Essa talvez seja a grande diferença entre as histórias do Palmeiras e do Campeonato Brasileiro. O time paulista pode adotar um estilo mais pragmático e pensar apenas no título porque é esse o grande anseio de seus torcedores; a CBF não sabe sequer quais são os consumidores da principal competição que ela organiza, e sem saber não há como planejar ações para esse grupo ou direcionar o foco para outros segmentos.

O Campeonato Brasileiro de 2016 não será lembrado como um torneio de nível técnico baixo. Contudo, ainda é possível cortar muita “gordura” da competição. No todo, há uma fase muito grande em que os times sofrem com indefinição, falta de foco ou apenas questões de foco.

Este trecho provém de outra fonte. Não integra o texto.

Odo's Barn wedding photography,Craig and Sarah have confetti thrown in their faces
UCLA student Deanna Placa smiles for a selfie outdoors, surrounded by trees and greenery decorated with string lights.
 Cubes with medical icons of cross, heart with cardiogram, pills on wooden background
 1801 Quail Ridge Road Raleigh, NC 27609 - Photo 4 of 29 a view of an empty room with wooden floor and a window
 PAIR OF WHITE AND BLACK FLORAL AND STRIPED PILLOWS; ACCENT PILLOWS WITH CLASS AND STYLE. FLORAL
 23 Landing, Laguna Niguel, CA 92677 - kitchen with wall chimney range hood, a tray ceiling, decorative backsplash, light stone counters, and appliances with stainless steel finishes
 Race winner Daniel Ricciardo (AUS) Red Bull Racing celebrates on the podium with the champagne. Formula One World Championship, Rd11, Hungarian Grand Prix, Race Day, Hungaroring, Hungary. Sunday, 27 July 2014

Essa postura dos responsáveis pela organização do Campeonato Brasileiro reforça um dos principais problemas de análise de futebol no país. Seguimos pensando apenas em retratos pontuais e ignorando o todo. Seguimos pensando em retalhos.

Atlético-MG e São Paulo são bons exemplos disso. O time mineiro é comandado por Marcelo Oliveira, que foi bicampeão brasileiro com o Cruzeiro e venceu a Copa do Brasil com o Palmeiras. Tem hoje o elenco mais caro do país, mas não embalou em momento algum do Campeonato Brasileiro. Pode fechar o ano como campeão da Copa do Brasil, mas isso é suficiente para uma análise sobre o trabalho?

E o que dizer de Ricardo Gomes? O técnico tem menos qualidade à disposição, é verdade, mas não conseguiu incutir no São Paulo as ideias que a diretoria e a torcida almejavam. Ainda assim, conseguiu uma goleada por 4 a 0 sobre o Corinthians e afastou o risco de queda para a segunda divisão. O saldo é positivo ou negativo?

Enquanto pensarmos apenas em questões pontuais ou em retratos de momentos, seguiremos com uma análise enviesada sobre o que acontece no futebol. Enquanto fizermos isso, seguiremos admitindo a inexistência de um plano de comunicação na principal competição de futebol do país. Enquanto tivermos essa visão fragmentada, seguiremos sem pensar no que o torcedor realmente quer.